I produce/DJ and make my own songs. I went to a show that had a bunch of local artists performing because I love the fact that there are people in my area wanting to follow the passion. One of the artists I’ve hit up back and forth in instagram. I sent them $50 to help with a homeless charity and went to their show the next day. After the show I messaged him saying that if they need a DJ for their next show or future shows, to let me know and I will DJ for them. He said for sure and they appreciate me.

Following today he posted on his story asking for one of my friends @ and I replied saying that I don’t think he has insta but I could ask him to give you his number. I messaged my friend and he told me he already had his @ and that he didn’t need more numbers. That made me embarrassed.

I guess I just feel like I’m being too much and pushing boundaries. I feel like I’m coming off as too much to everybody. I feel like an imposter and that I’m only doing it to gain something, when there isn’t anything to gain. I’m just wanting to show support and make some friends with the same interests. I feel like I’m somehow being fake and that they see me and view me that way. I just needed to rant.

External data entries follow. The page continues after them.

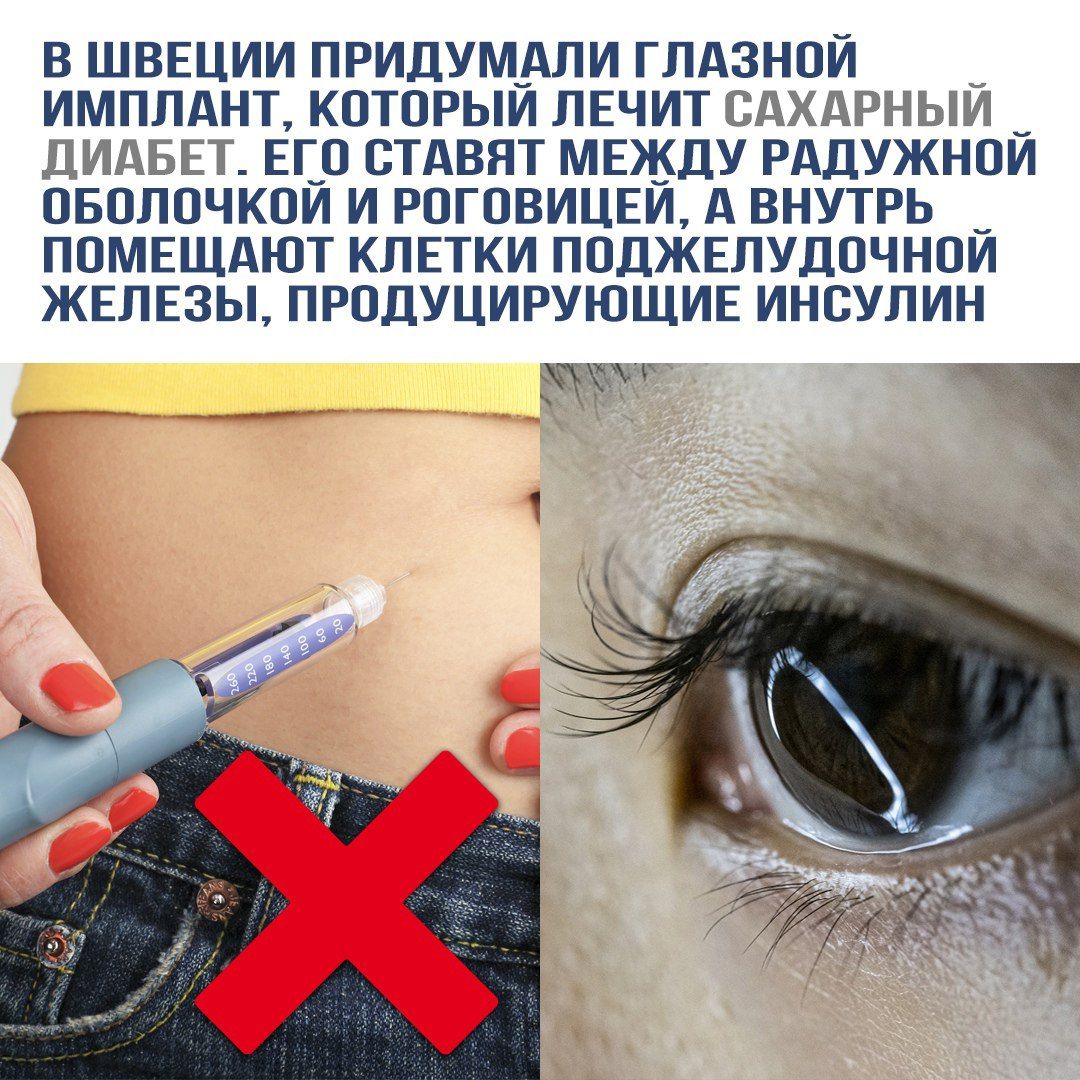 В Швеции придумали глазной имплант, который лечит сахарный диабет. Его ставят между радужной оболочкой и роговицей, а внутрь помещают клетки поджелудочной железы, производящие инсулин.
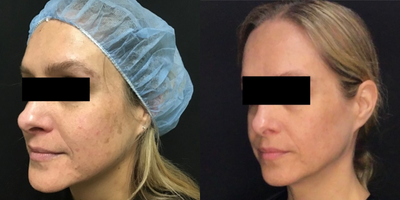 35-44 year old woman treated with GentleLase - This patient has sun-damaged skin and was treated with an alexandrite laser for her brown spots with great results.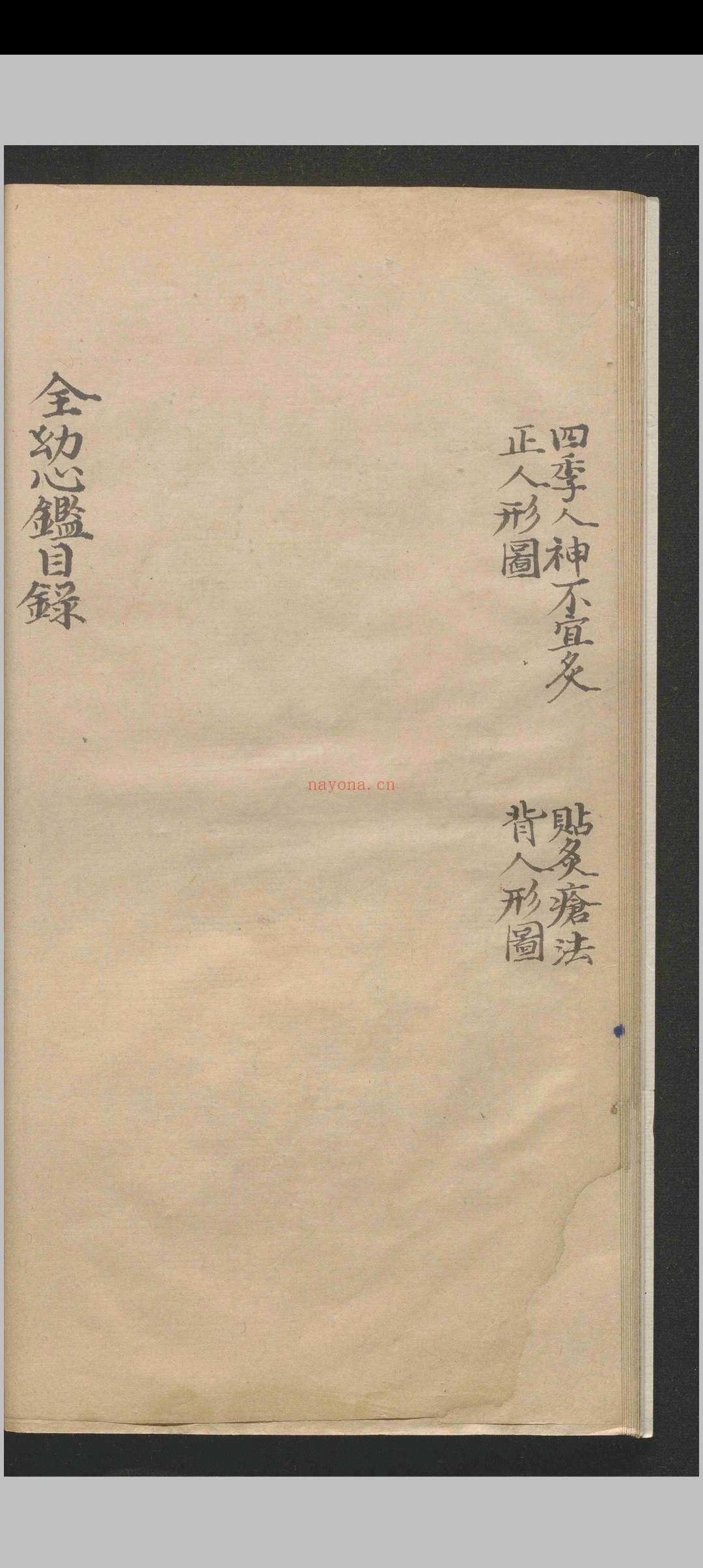 全幼心鉴.四卷.寇平.明成化四年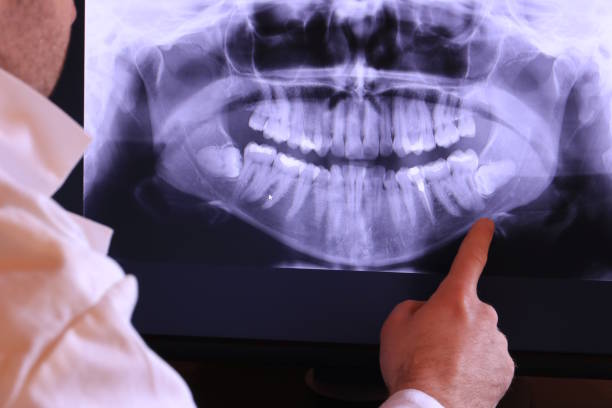 Best Emergency Dental Care for Trauma or Injury in Thermopolis, WY
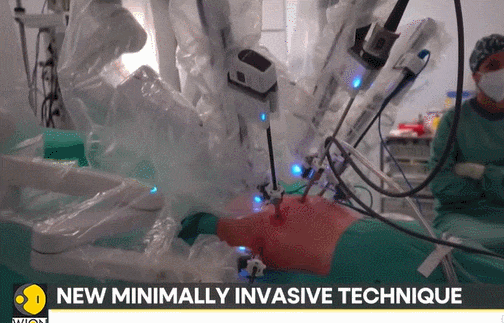 스페인&#44; 로봇만으로 세계 최초 폐 이식 수술 성공 VIDEO:Spain sees the world&#39;s first lung transplant performed entirely by robot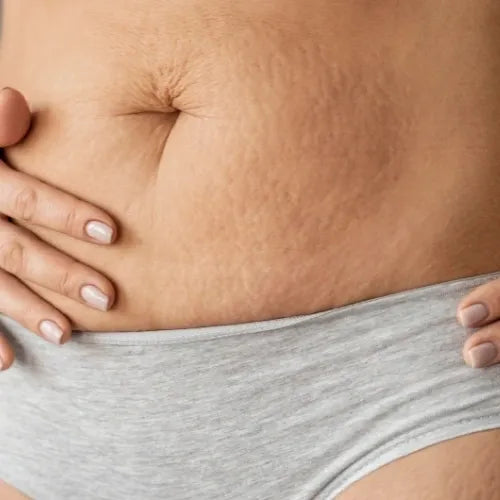 Stretch marks reduction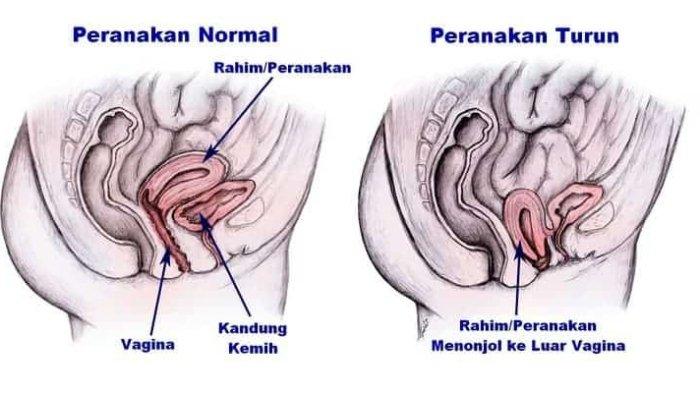 ilustrasi turun peranakan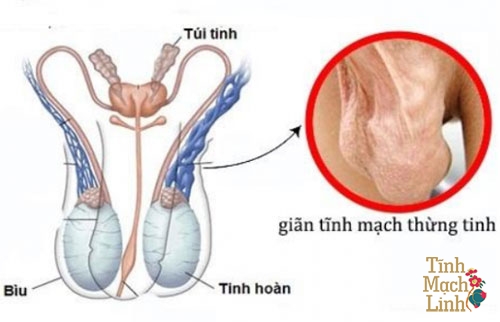 Giãn tĩnh mạch tinh hoàn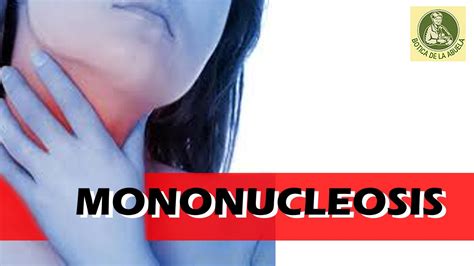 Mononucleosis O Enfermedad Del Beso Remedios Caseros Par La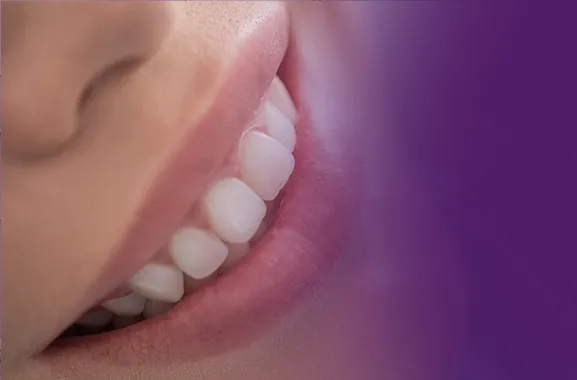 smile-makeover
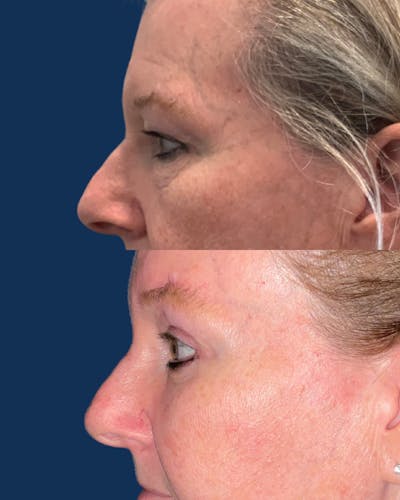 Endoscopic Brow Lift with Upper Blepharoplasty Before & After Gallery - Patient 349038 - Image 1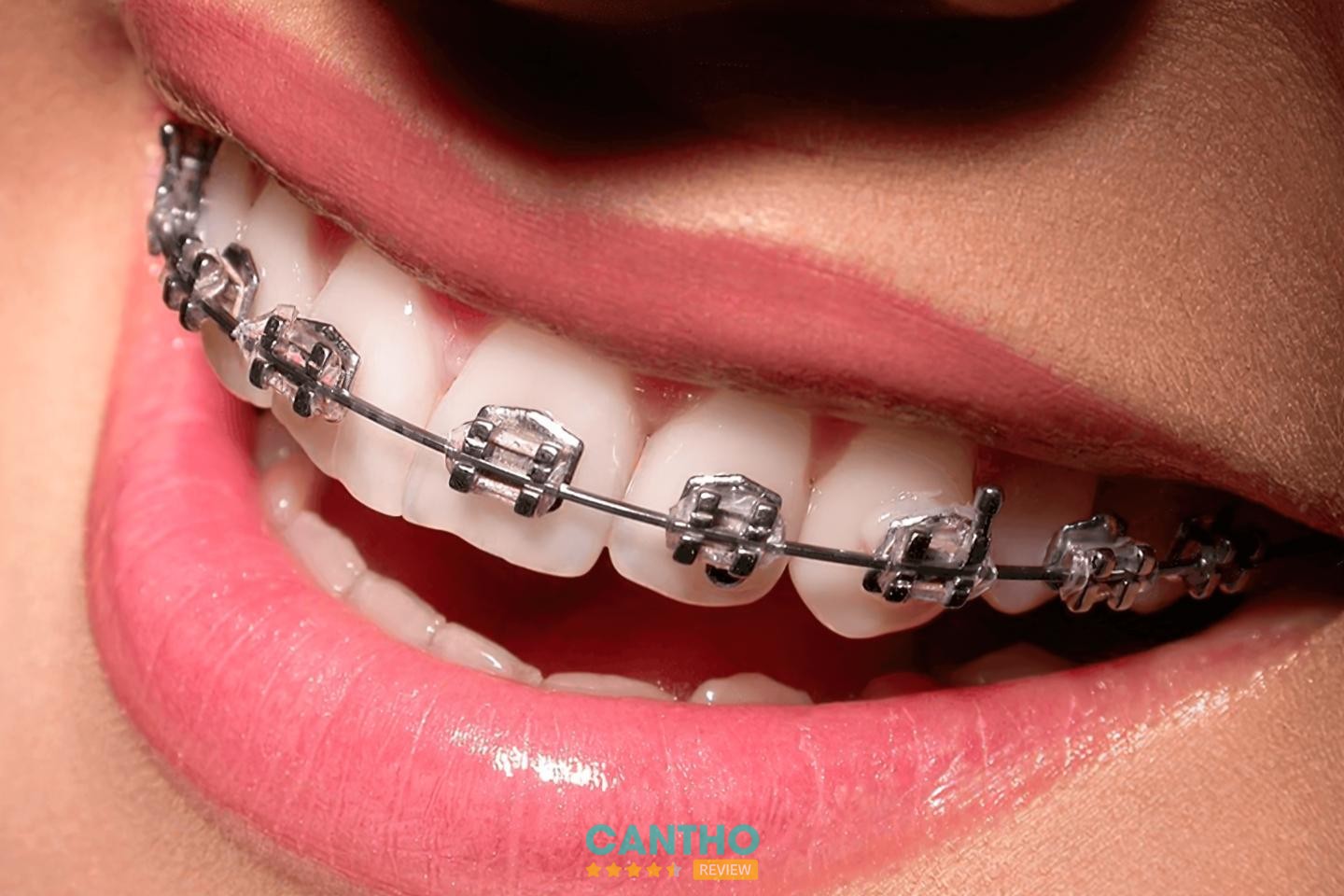 Nha Khoa Sài Gòn Cái Răng niềng răng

EDIT: It has caused me to delete my instagram account all together, throwing away the current progress I’ve made with building a following. What’s wrong with me?

2 comments
  1. Hey I find this really relatable, I often get similarly feelings. I don’t have much help to offer but I do want to say that reading how someone else goes through the same thought process puts it into perspective and helps me see how it’s probably not as bad as I tend to think. Like I know that feeling so I understand you probably feel like you fucked up but from an outsider’s perspective I think you acted absolutely normal and friendly and fine and you are probably just overthinking it. It’s hard to see it when you’re in it but when you see someone else experiencing it it’s easier to realise that it’s not that bad.

  2. Hey hey now, don’t do that. Thats your future right there and your passion. Give yourself a day or two or a week to recooperate how you really feel.